Service Object

Registrator is primarily concerned with services that would be added to a service discovery registry. In our case, a service is anything listening on a port. If a container listens on multiple ports, it has multiple services.

Services are created with information from the container, including user-defined metadata on the container, into an intermediary service object. This service object is then passed to a registry backend to try and place as much of this object into a particular registry.

type Service struct {
    ID    string               // unique service instance ID
    Name  string               // service name
    IP    string               // IP address service is located at
    Port  int                  // port service is listening on
    Tags  []string             // extra tags to classify service
    Attrs map[string]string    // extra attribute metadata
}

Container Overrides

The fields Name, Tags, Attrs, and ID can be overridden by user-defined container metadata. You can use environment variables or labels prefixed with SERVICE_ or SERVICE_x_ to set values, where x is the internal exposed port. For example SERVICE_NAME=customerdb and SERVICE_80_NAME=api.

You use a port in the key name to refer to a particular service on that port. Metadata variables without a port in the name are used as the default for all services or can be used to conveniently refer to the single exposed service.

The Attrs field is populated by metadata using any other field names in the key name. For example, SERVICE_REGION=us-east.

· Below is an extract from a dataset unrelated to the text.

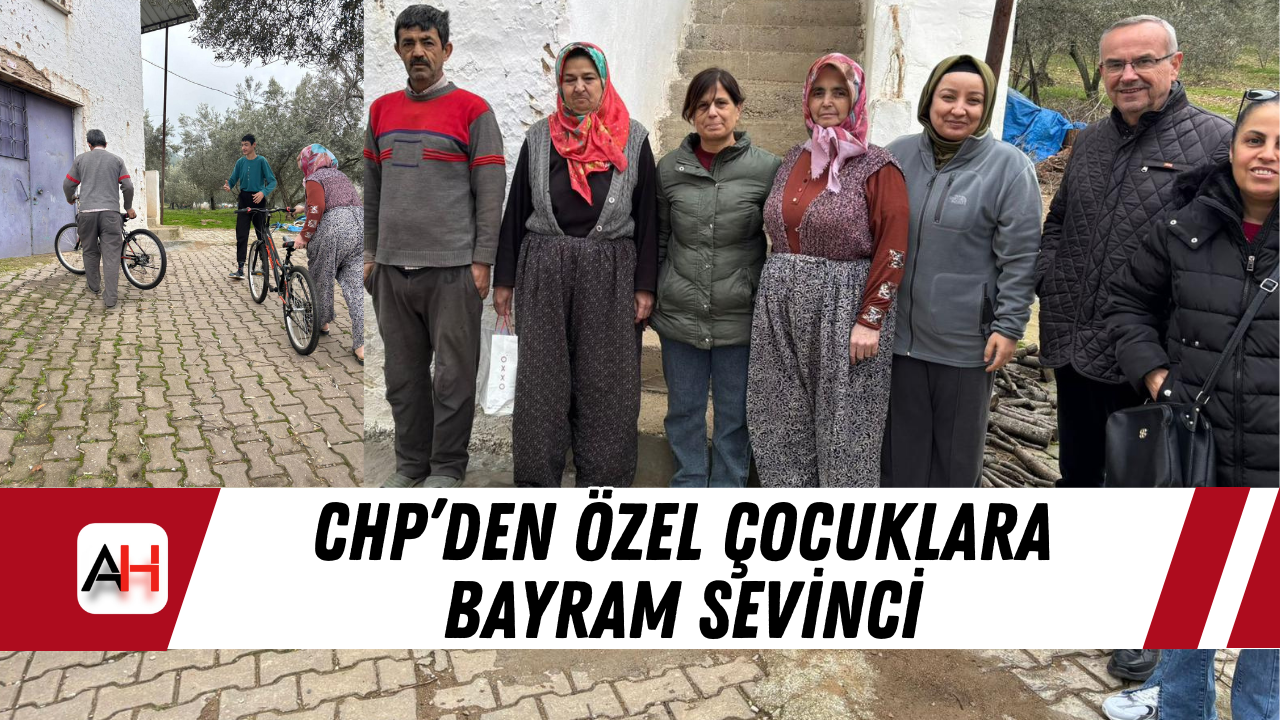 CHP’den Özel Çocuklara Bayram Sevinci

Since metadata is stored as environment variables or labels, the container author can include their own metadata defined in the Dockerfile. The operator will still be able to override these author-defined defaults.

Detecting Services

By default, you can expect Registrator to pick up services from containers that have explicitly published ports (eg, using -p or -P). This is true for containers running in host network mode as well, so you'll have to publish ports even though it doesn't do anything networking wise:

$ docker run --net=host -p 8080:8080 -p 8443:8443 ...

If running with the -internal option, it will instead look for exposed ports. These can be implicitly set from the Dockerfile or explicitly set with docker run --expose=8080 ....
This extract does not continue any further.